FA is a statistical method that analyzes the relationships among observed variables to uncover the latent factors that explain their covariation [55]. Hamzehzarghani et al. [56] used factor analysis to profile the metabolic of spikelets of wheat cultivars, Roblin and Sumai3, susceptible and resistant to fusarium head blight, respectively.

In general, FA assumes that the observed variables are influenced by a smaller number of unobserved factors, also known as common factors. First, the correlation matrix from the observed variables is calculated. This matrix represents the pairwise relationships and covariation among the variables. Then, the factor extraction step identifies the underlying factors that explain the observed covariation. However, the application of FA requires certain conditions: the observed variables must be highly correlated, and the number of samples must be at least four times greater than the number of features. The number of factors to be retained is a crucial decision, which is why it is determined by various methods, such as the Kaiser criterion, scree plot examination or the use of more sophisticated statistical criteria such as the Bayesian Information Criterion (BIC) or the Minimum Partial Mean (MPM) test. By combining factors and factors loading they were able to identify metabolites involved in pathogen-stress and their metabolic pathways of synthesis. Choosing the appropriate number of factors requires a balance between capturing sufficient variance in the data and avoiding overfitting.

To check that if the variables in our datasets are highly correlated, we run the Kaiser-Mayer-Olkin (KMO) test. If the KMO value is higher than 0.7, then FA can be performed, otherwise, it is not possible. To determine the optimal number of factors to select, we ran an exploratory factor analysis (EFA) [55] and we selected the most frequently used number of factors.

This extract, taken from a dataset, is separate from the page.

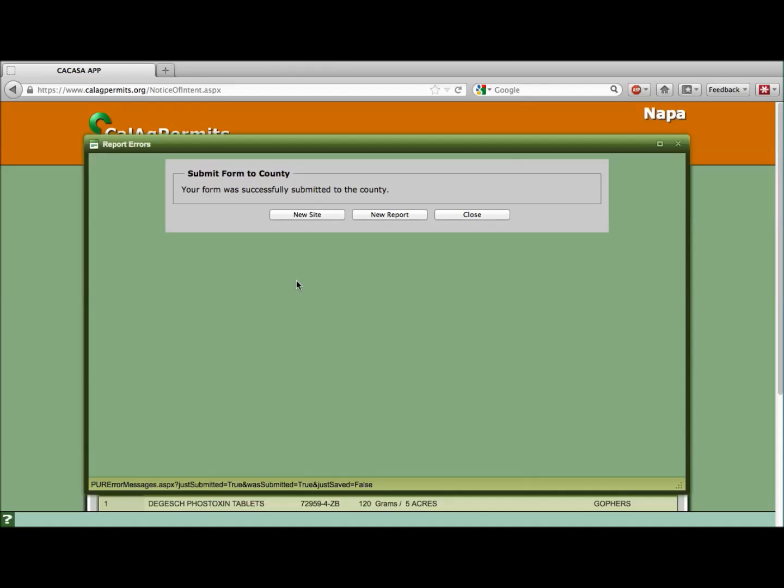If all the information is entered correctly, once submitted, you will receive a pop-up window indicating your report was successfully sent to your ag commissioner.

2.3.7. Non-linear techniques

Non-linear techniques assume that the relationship between the latent space and observed variables is not linear. However, some non-linear techniques can, under some constraints, help to infer linear relationship while linear techniques can only infer linear relationships. We tested 2 non-linear methods: Kernel PCA (KPCA) and Gaussian Process Latent Variable Modeling (GPLVM).

2.3.8. Kernel PCA (KPCA)

KPCA is a non-linear extension of PCA, designed to deal with non-linear relationships within data [57]. This technique has already been applied to nuclear magnetic resonance-based metabolic profiling analysis [58]. It uses a kernel function to map input data into a higher-dimensional space, where linear structures are more apparent. In this expanded space, standard PCA is applied to extract principal components. The main advantage lies in its ability to capture complex, non-linear patterns that traditional PCA might overlook. By utilizing kernel functions such as radial basis function, polynomial, or sigmoid, kernel PCA allows for a more flexible representation of data, making it a powerful tool for dimensionality reduction and non-linear feature extraction. But unlike PCA, it is impossible to determine the importance of features.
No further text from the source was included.